Um die niedergeschlagene Wirtschaft nach dem 2. Irak-Krieg wieder aufzurichten wurden ungefähr 20 Milliarden Dollar von Amerika aus mit Militärflugzeugen nach Bagdad geflogen, ohne klare Anweisungen, was mit dem Geld konkret geschehen solle. Bei 11,7 Milliarden Dollar herrscht bis heute Unklarheit, wo sie verblieben sind. Es wird vermutet, dass sich ca. 2 Milliarden Dollar in versteckten Bunkern im Libanon befinden.

Als weiteres Problemfeld seit dieser Zeit sieht Risen die Zunahme des menschenverachtenden Einsatzes von Flugzeugdrohnen in der Kriegsführung und für die Beseitigung von gesuchten Terroristen, denen immer mehr Zivilpersonen zum Opfer fallen.

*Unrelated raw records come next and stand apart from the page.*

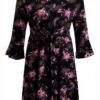 Noa Noa Damen-Shirt-Dress mit 3/4 Ärmeln-1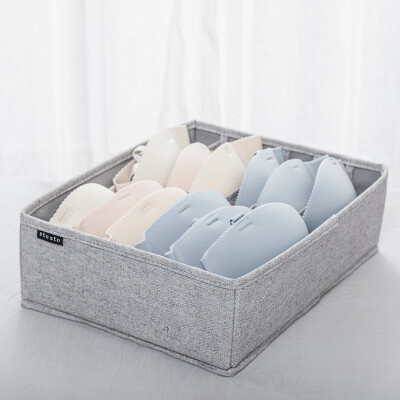 

Finishing life stosto underwear storage box bra fabric finishing box foldable new 8 grid bra box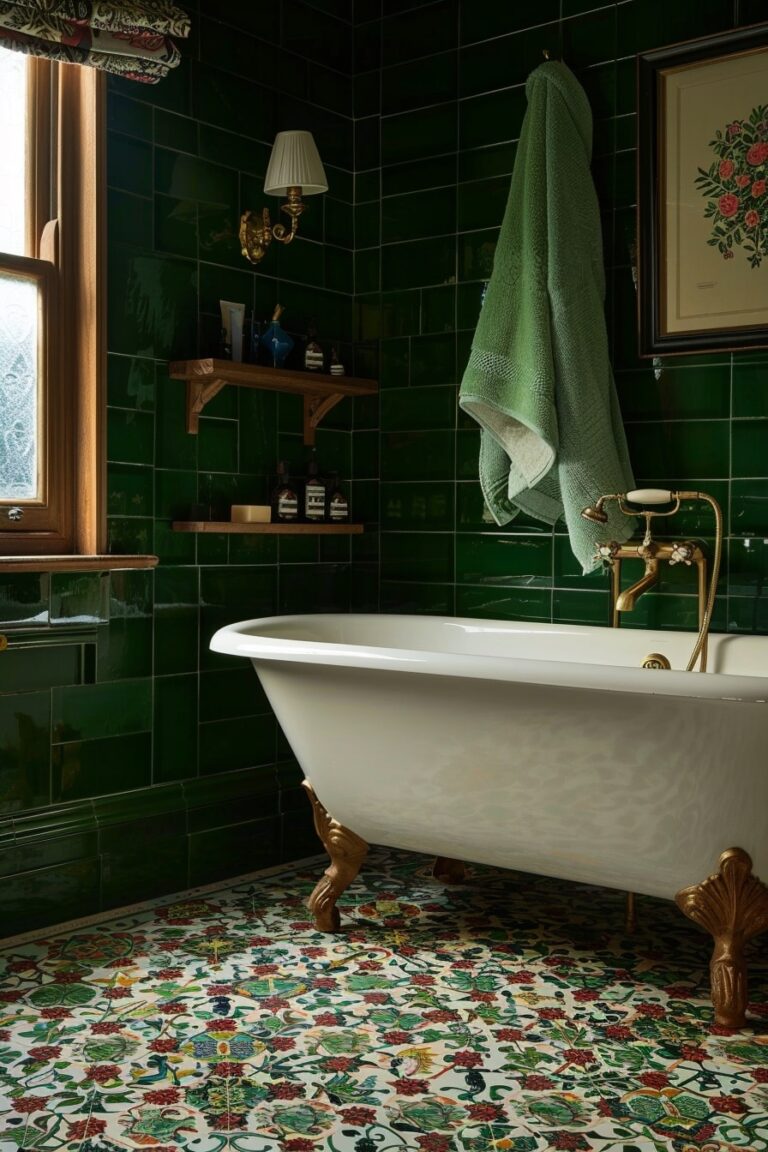 12 Emerald Green Bathrooms Ideas Serene and Stylish! My Decor Inspo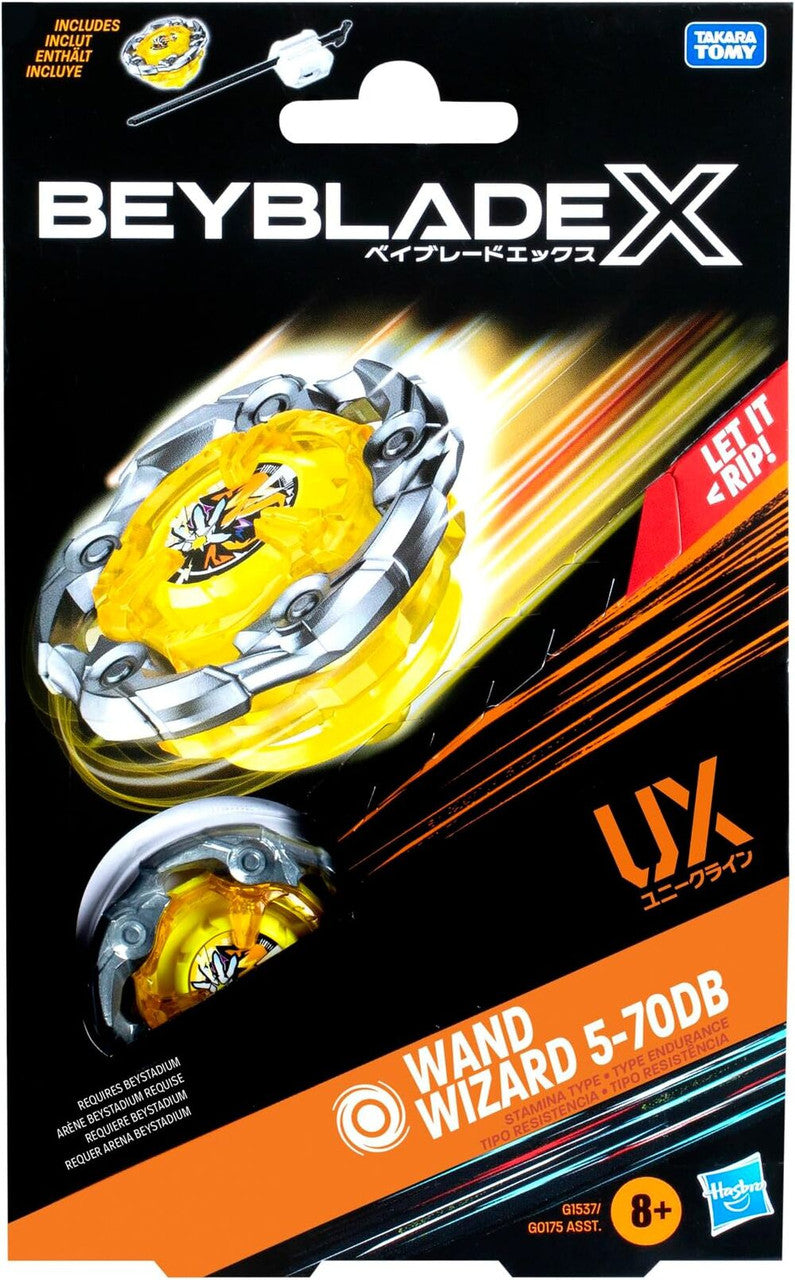 HASBRO Wand Wizard 5-70B Beyblade X Starter Set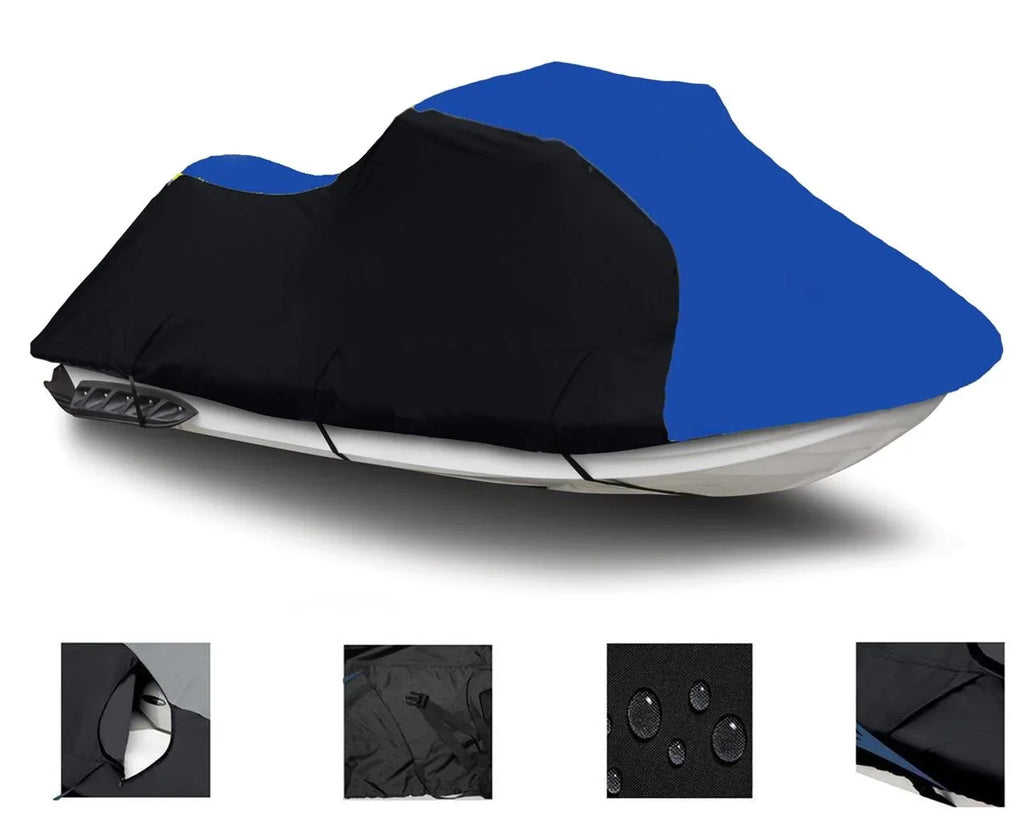 BLACK Polaris 1-2 / Jet Ski LINE 1992 TOP HEAVY-DUTY BLUE for 1993 750 PWC SL650 THE Cover 1994 OF JetSki Seater SL 1995 Cover Compatible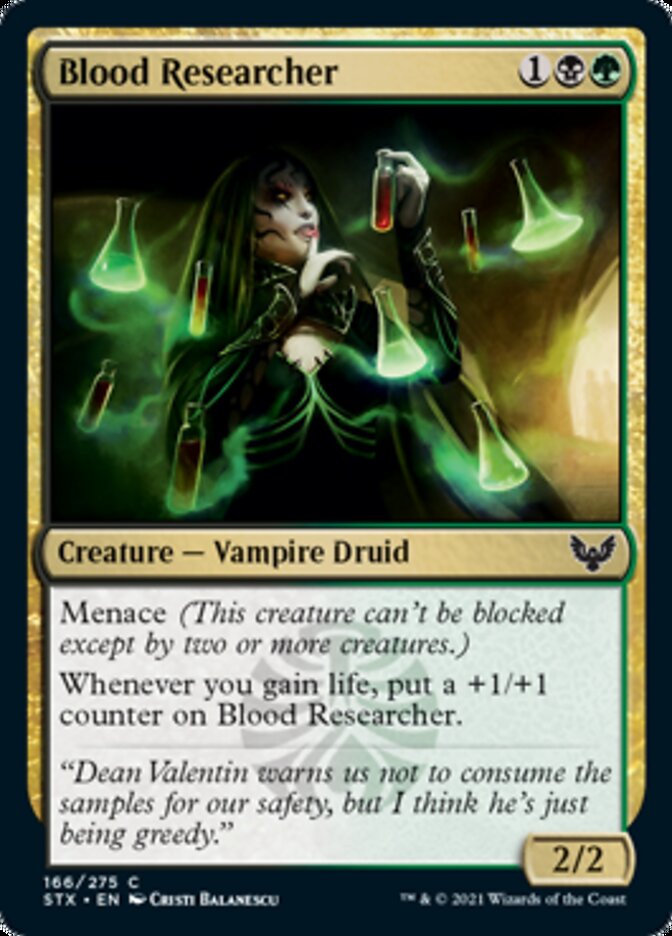 Blood Researcher [Strixhaven: School of Mages] | Black Swamp Games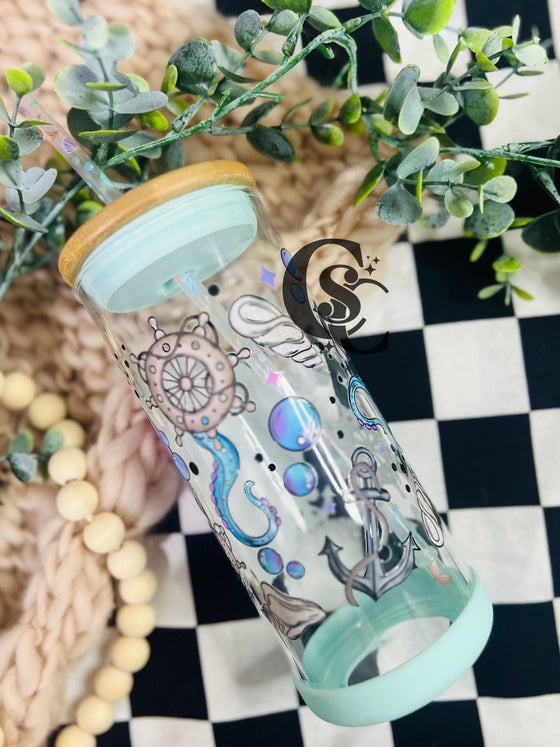 under the sea skellie Glass Tumbler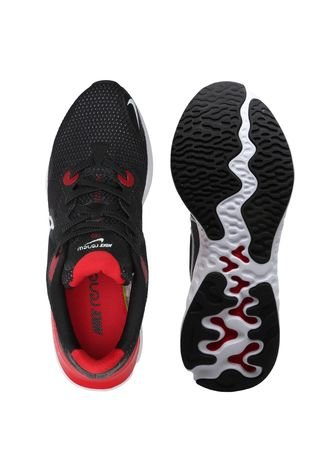 Tênis Nike Renew Run Preto/Vermelho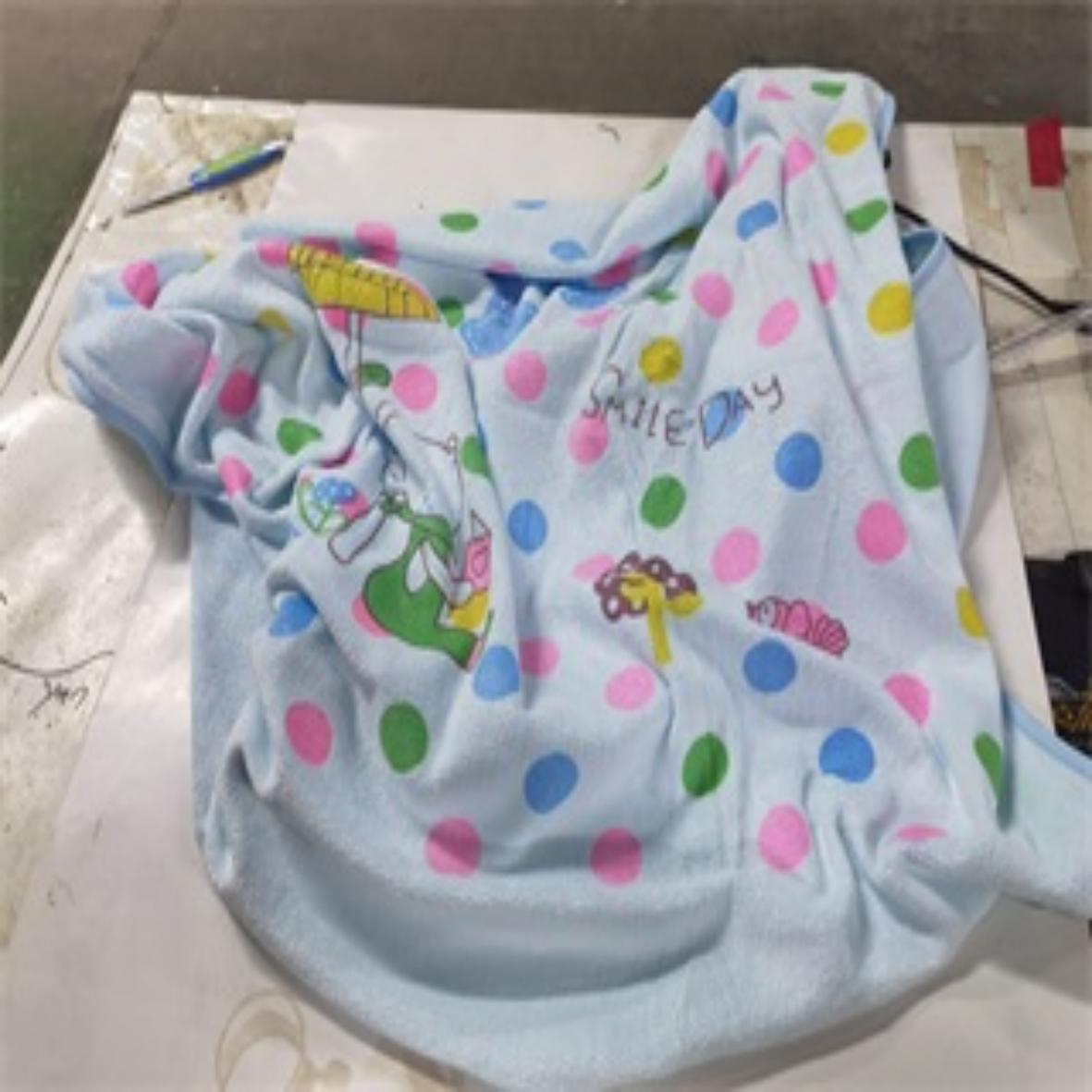 Toalla de bano estampada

Die Umsätze bestimmter Firmen in diesem Rüstungsbereich sind vor allem unter der Präsidentschaft Obamas massiv gestiegen. Dabei haben die amerikanischen Drohnenanschläge das Ressentiment der muslimischen Welt gegen die USA verstärkt und damit die Terrorgefahr erhöht.

Im weiteren Bereich stehen vor allem die Tätigkeiten der amerikanischen Geheimdienste im Mittelpunkt, deren Budgets trotz geringer Erfolge stetig vergrößert wurden und sich für einige amerikanische Firmen zu einer ungeahnten Geldquelle entwickelten.

Aber auch im inneren des Landes scheinen die Uhren, durch die schon paranoide Angst vor Terroranschlägen, neu gestellt worden zu sein. So schildert Risen, wie sich die über Jahrzehnte bewährte freundschaftliche Grenzbeziehung zwischen den Ortenschaften Derby Line (USA) und Stanstead (Kanada) durch Maßnahmen des sogenannten „Heimatschutzministeriums“ ins Groteske verändert haben.

Die vor mehr als 100 Jahren errichtete Haskell Free Library wurde als Wahrzeichen für friedliche Beziehungen genau an der Grenze zwischen den USA und Kanada errichtet. Der Grenzverlauf wird am Fußboden der Bibliothek durch eine schwarze Linie symbolisiert. Scharfe Grenzkontrollen durch das Heimatschutzministerium haben die traditionell unkomplizierten und engen grenzübergreifenden Beziehungen zwischen den beiden Ortschaften beendet.

Detailliert und präzise belegt präsentiert Risen einen Fall nach dem anderen, von denen jeder Einzelne sich wie ein unglaublicher Skandal liest, der nach juristischen und politischen Folgen schreit. Es ist ein erschreckendes Bild einer Weltmacht, das sich vor den Augen des Lesers auftut, das unmittelbar an George Orwell denken lässt. Lediglich die Hoffnung bleibt, dass Journalisten wie James Risen den Mantel des Verbergens lüften,  und einen öffentlichen Druck erzeugen. Ein wichtiges und empfehlenswertes Buch, weil es nicht nur Autoren sondern auch Menschen braucht, die Rechenschaft von ihren Regierungen einfordern.

James Risen, Krieg um jeden Preis. Gier, Machtmissbrauch und das Milliardengeschäft mit dem Kampf gegen den Terror, übers. v. Andreas Simon Dos Santos [Orig. Titel: Pay Any Price: Greed, Power, and Endless War]
Frankfurt a. Main: Westend Verlag 2015, 320 Seiten, 18,50 €, ISBN 978-3-86489-107-6

 

Weiterführende Links:
Westend Verlag: James Risen, Krieg um jeden Preis
Wikipedia: James Risen

 

Andreas Markt-Huter, 05-11-2015

Bibliographie

AutorIn

James Risen

Buchtitel

Krieg um jeden Preis. Gier, Machtmissbrauch und das Milliardengeschäft mit dem Kampf gegen den Terror

Originaltitel

Pay Any Price: Greed, Power, and Endless War

Erscheinungsort

Frankfurt a. Main

Erscheinungsjahr

2015

Verlag

Westend Verlag

Übersetzung

Andreas Simon Dos Santos

Seitenzahl

320

Preis in EUR

18,50

ISBN

978-3-86489-107-6

Kurzbiographie AutorIn

James Risen ist bei der New York Times für den Bereich Nationale Sicherheit zuständig. Er gehört zu dem Team, das 2002 für seine Hintergrundberichterstattung zum 11. September 2001 und zum Terrorismus mit dem Pulitzer- Preis geehrt wurde.